Who are the people behind "Leave Our Kids Alone" and why do they want to limit LGBTQ education?

"Leave Our Kids Alone" organizer talks the group's goal to limit LGBTQ education

Hundreds marched outside of the Los Angeles Unified School District's headquarters Tuesday, creating a tense atmosphere as the board met for the first time in the new school year. 

This has become an all too familiar scene at local school board meetings as two sides demonstrate against each other. One faction demands parents and activists have more control over school curriculums, while another calls on leaders to support the rights of LGBTQ students. 

"We're here to tell the government we don't want the school teaching our kids ideologies," one speaker said during the protest. "We definitely don't want the schools to hide stuff from parents and that's exactly what's going on in California."\

Parental rights activists like Manuk Gregorian have shown up to school board meetings across Southern California since last spring. 

"My children, my choice, my ways — bottom line," said Gregorian, who is one of the organizers behind "Leave Our Kids Alone," a parental rights group. 

Gregorian and his group have been at multiple protests over the course of the past few months. He said his movement is made of parents who want education about the LGBTQ community limited. 

"It should be up to me to explain to my children how two daddies work, how two mommies work," said Gregorian.

When asked if his children meet kids in school with two mommies or two daddies, Gregorian responded by saying "that's different."

"If that happens, if you see it in the street, that's different," he said. 

The group spreads its message through its Instagram account. There, Leave Our Kids Alone claims to stand against the government's "attempts to indoctrinate kids and separate them from families.

Inside Tuesday's meeting, LA's school board president called their message "hateful rhetoric."

"We don't have the luxury of just rolling our eyes about these people," said board president Jackie Goldberg. "This is sustained, hateful rhetoric... Ours is a district that includes and values all children, no matter ethnicity, immigration status, gender identity, socioeconomic status, racial or ethnic background or the neighborhood they live in."

LAUSD and other districts have claimed that they are simply acknowledging the existence of LGBTQ people and that there is not a sexual component to the curriculum. District leaders said they are simply being inclusive. 

"Here haters will never win. Not in L.A. Unified," said Goldberg. 

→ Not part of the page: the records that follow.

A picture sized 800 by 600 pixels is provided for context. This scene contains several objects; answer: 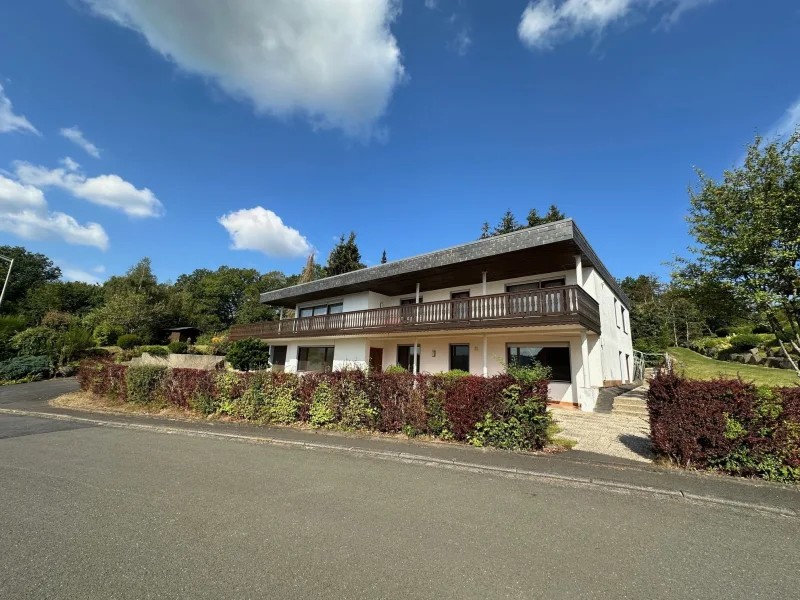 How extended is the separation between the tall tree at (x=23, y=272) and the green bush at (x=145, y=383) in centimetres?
6029

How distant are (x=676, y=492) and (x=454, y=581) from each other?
3.88m

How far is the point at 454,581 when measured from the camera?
2.70 m

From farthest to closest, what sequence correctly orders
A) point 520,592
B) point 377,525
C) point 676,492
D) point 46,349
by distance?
point 46,349 < point 676,492 < point 377,525 < point 520,592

At times, demonstrations, where Leave Our Kids Alone are present, have led to violent clashes with counter-protesters. In the protest outside of LAUSD headquarters, the Los Angeles Police Department dispatched some officers to keep the two groups, the other being "By Any Means Necessary," apart. By Any Means Necessary is a coalition aimed at defending "affirmative action, integration and immigrant rights and fight for equality."

"During the protest, at 3rd Street and Beaudry Avenue, the LAPD personnel formed two protective skirmish lines to protect both groups from acts of violence and to ensure their 1st Amendment Right," the department said in a statement. 

LAPD said they tried to create distance between the two sides because of the previously violent interactions between the two sides but said BAMN refused to move. As a result of a series of confrontations between the police and BAMN, officers ordered both sides to leave, according to LAPD. 

Three people, two from BAMN and one from Leave Our Kids Alone were arrested for defying the order.